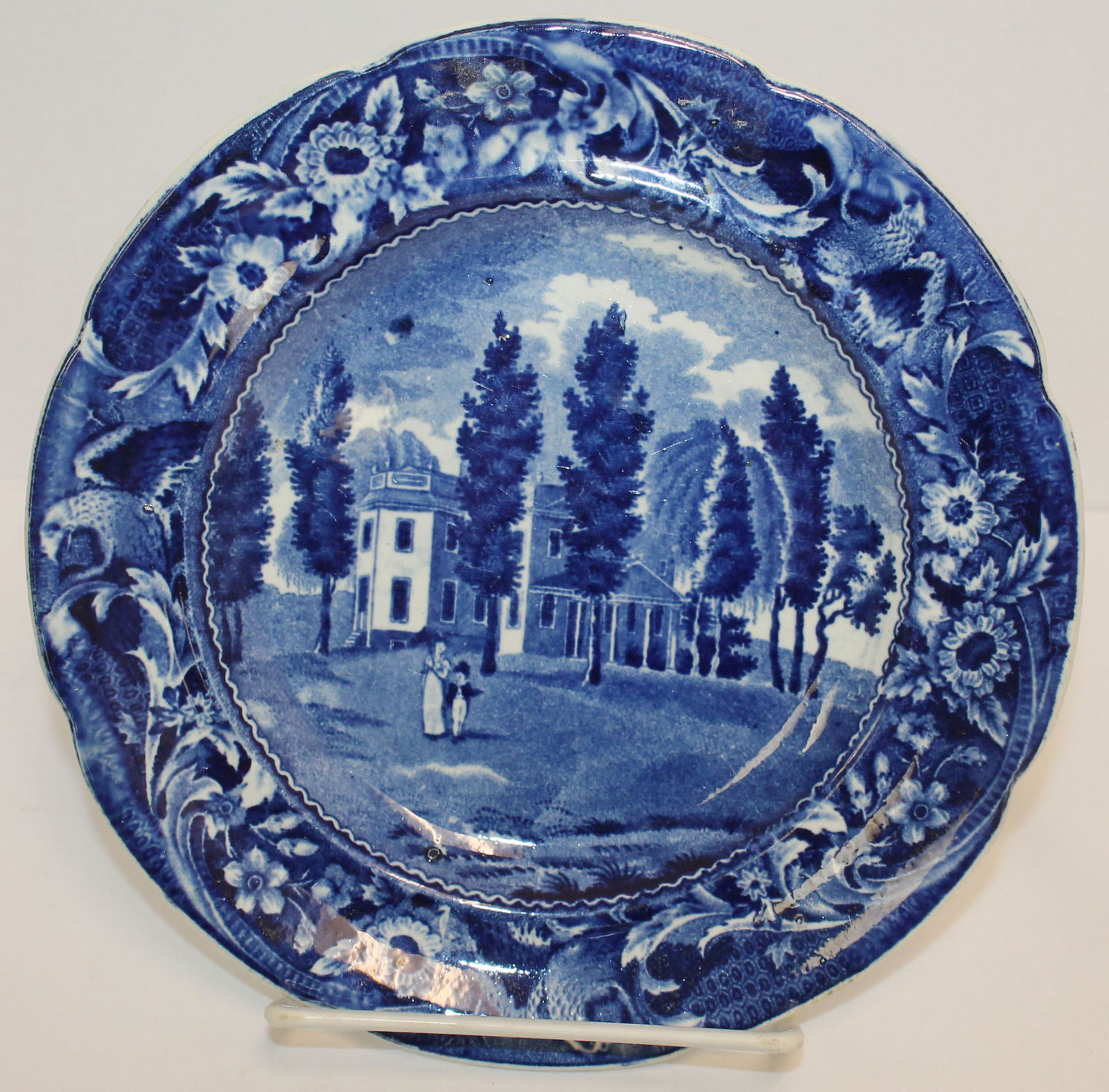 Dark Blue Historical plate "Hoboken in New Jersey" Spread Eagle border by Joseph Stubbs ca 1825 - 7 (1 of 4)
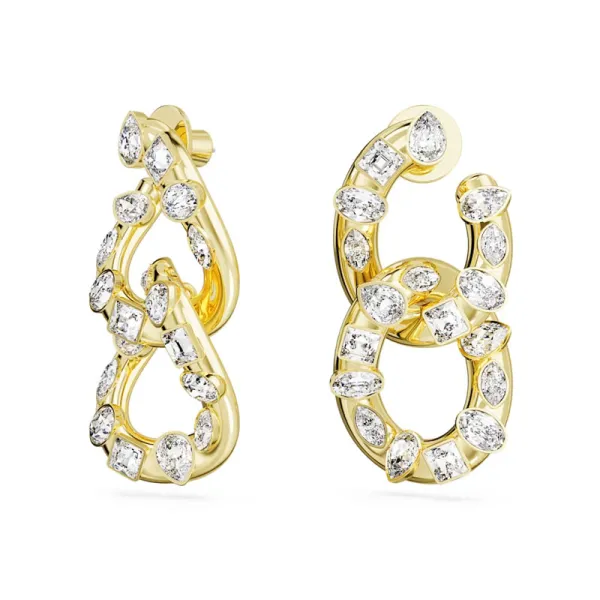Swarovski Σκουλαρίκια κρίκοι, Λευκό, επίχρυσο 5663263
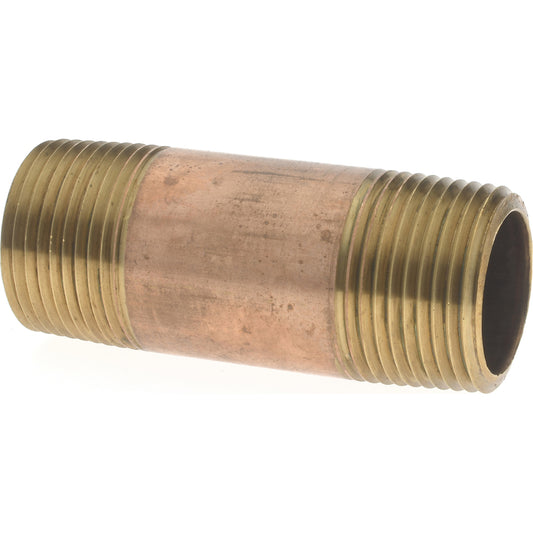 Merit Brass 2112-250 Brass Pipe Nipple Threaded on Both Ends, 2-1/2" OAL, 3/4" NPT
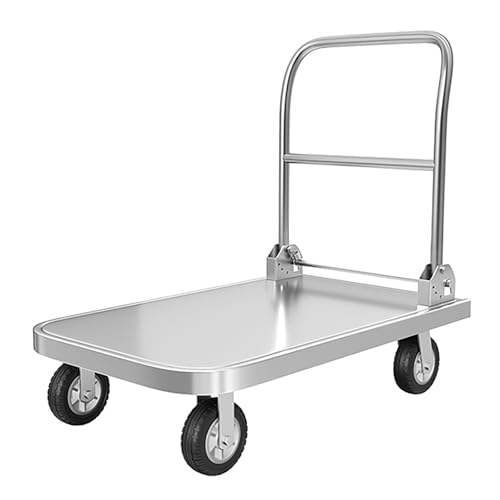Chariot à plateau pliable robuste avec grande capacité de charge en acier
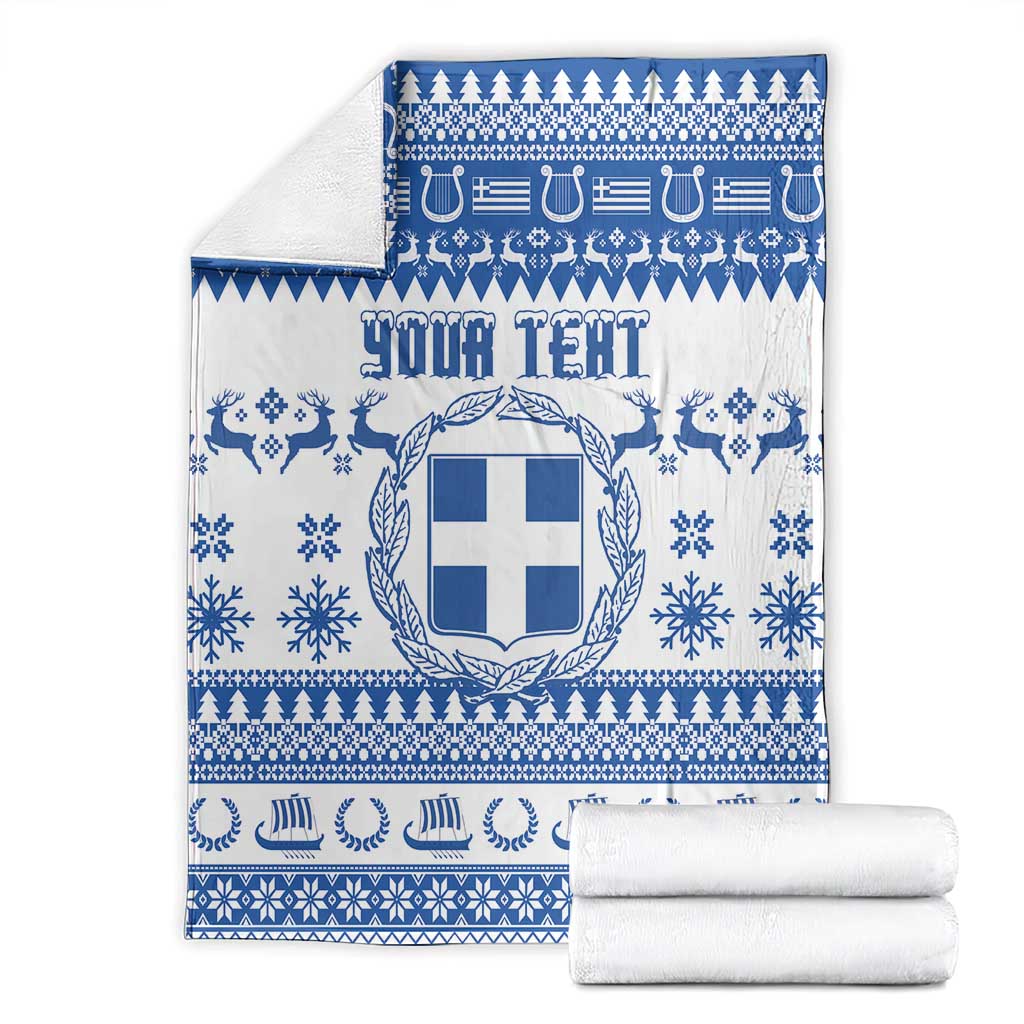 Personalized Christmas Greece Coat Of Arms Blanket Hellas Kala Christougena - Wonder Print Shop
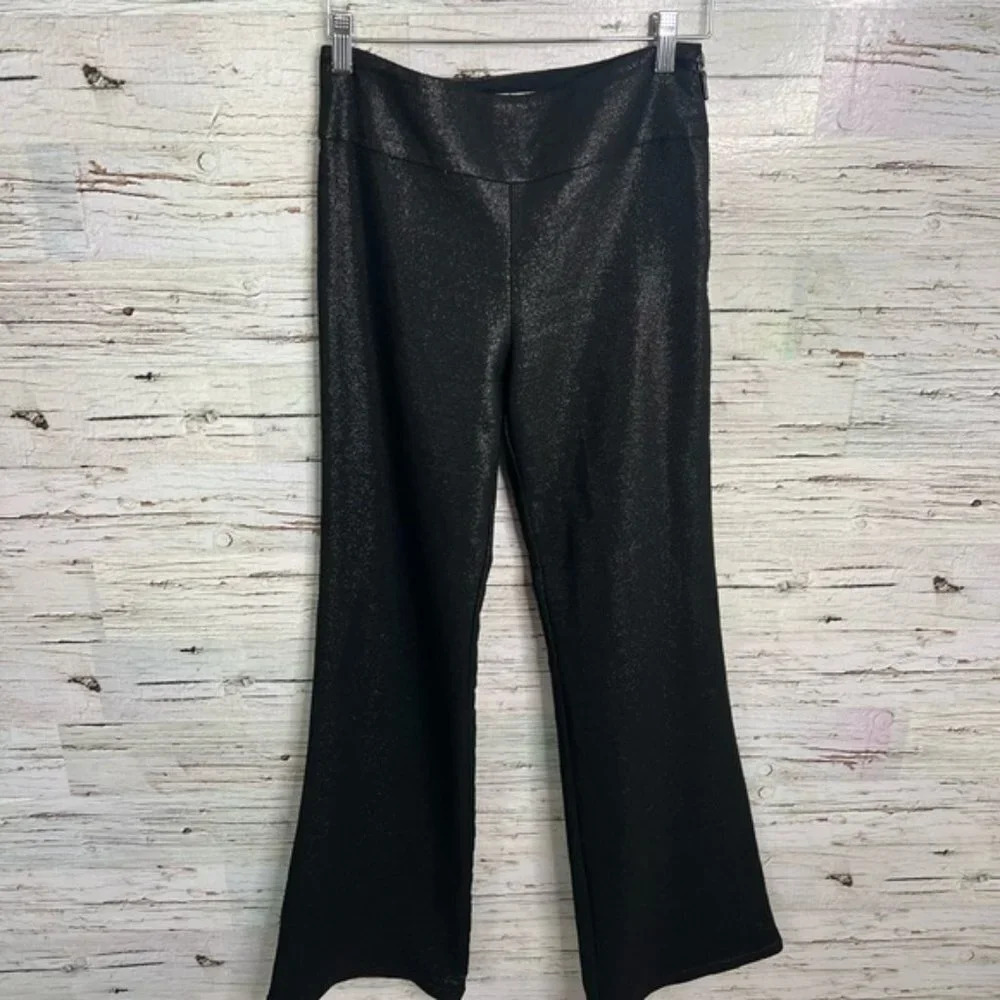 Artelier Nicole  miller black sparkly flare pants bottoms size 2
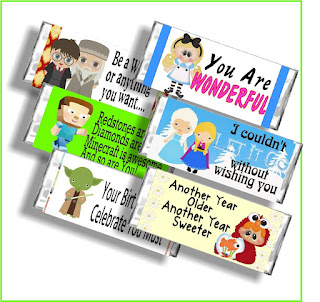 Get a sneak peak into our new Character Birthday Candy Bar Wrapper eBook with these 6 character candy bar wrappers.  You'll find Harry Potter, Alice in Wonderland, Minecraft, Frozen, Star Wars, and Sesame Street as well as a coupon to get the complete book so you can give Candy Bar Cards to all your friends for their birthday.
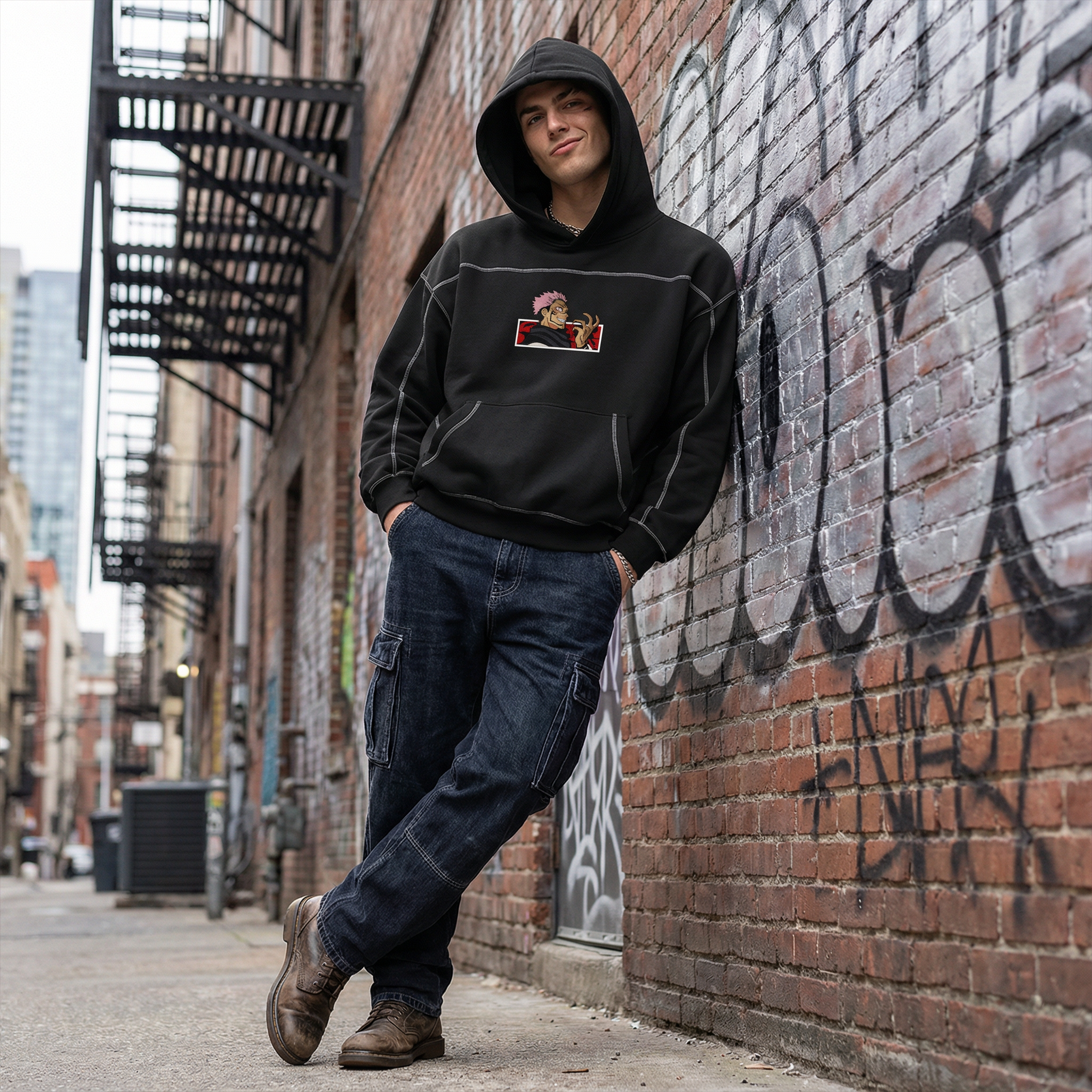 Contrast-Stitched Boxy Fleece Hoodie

•••

* [Instructions to follow]: If a picture appears in the data, omit it; transcribe all the rest exactly.

* [Solved problem]:
 Dark Blue Historical plate "Hoboken in New Jersey" Spread Eagle border by Joseph Stubbs ca 1825 - 7 (1 of 4)
Swarovski Σκουλαρίκια κρίκοι, Λευκό, επίχρυσο 5663263
 Merit Brass 2112-250 Brass Pipe Nipple Threaded on Both Ends, 2-1/2" OAL, 3/4" NPT
Chariot à plateau pliable robuste avec grande capacité de charge en acier
 Personalized Christmas Greece Coat Of Arms Blanket Hellas Kala Christougena - Wonder Print Shop
 Artelier Nicole  miller black sparkly flare pants bottoms size 2
 Get a sneak peak into our new Character Birthday Candy Bar Wrapper eBook with these 6 character candy bar wrappers.  You'll find Harry Potter, Alice in Wonderland, Minecraft, Frozen, Star Wars, and Sesame Street as well as a coupon to get the complete book so you can give Candy Bar Cards to all your friends for their birthday.
 Contrast-Stitched Boxy Fleece Hoodie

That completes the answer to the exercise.